Scientists have used artificial intelligence to "predict" formulas for new designer drugs, with the stated goal of helping to improve their regulation. The AI generated formulas for nearly nine million potential new drugs.
Researchers with the University of British Columbia (UBC) used a deep neural net for the job, teaching it to make up chemical structures of potential new drugs. According to their study, released this week, the computer intelligence fared better at the task than the scientists had expected.
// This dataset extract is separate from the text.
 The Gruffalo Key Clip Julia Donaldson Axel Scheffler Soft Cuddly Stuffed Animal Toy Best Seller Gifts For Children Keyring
The research team used a database of known designer drugs - synthetic psychoactive substances - to train the AI on their structures. The market for designer drugs is ever-changing, since their manufacturers are constantly tweaking their formulas to circumvent restrictions and produce new "legal" substances, while cracking their structure takes months for law enforcement agencies, the researchers said.
"The vast majority of these designer drugs have never been tested in humans and are completely unregulated. They are a major public-health concern to emergency departments across the world," one of the researchers, UBC medical student Dr. Michael Skinnider has said.
After its training, the AI was able to generate some 8.9 million potential designer drugs. Afterwards, researchers ran a data sheet of some 196 new drugs, which had emerged in real life after the model was trained, and found that more than 90% of these have been already predicted by the computer.
"The fact that we can predict what designer drugs are likely to emerge on the market before they actually appear is a bit like the 2002 sci-fi movie, Minority Report, where foreknowledge about criminal activities about to take place helped significantly reduce crime in a future world," senior author Dr. David Wishart, a professor of computing science at the University of Alberta, has said.
Identifying completely unknown substances remains an issue for the AI, the research team has noted, but they hope it might potentially help with that task, since the computer was also able to predict which formulas of designer drugs were more likely to be created and hit the market. The model "ranked the correct chemical structure of an unidentified designer drug among the top 10 candidates 72 percent of the time," while throwing in spectrometry analysis, which is an easily obtained measurement, bumped the accuracy to some 86%.
"It was shocking to us that the model performed this well, because elucidating entire chemical structures from just an accurate mass measurement is generally thought to be an unsolvable problem," Skinnider stated.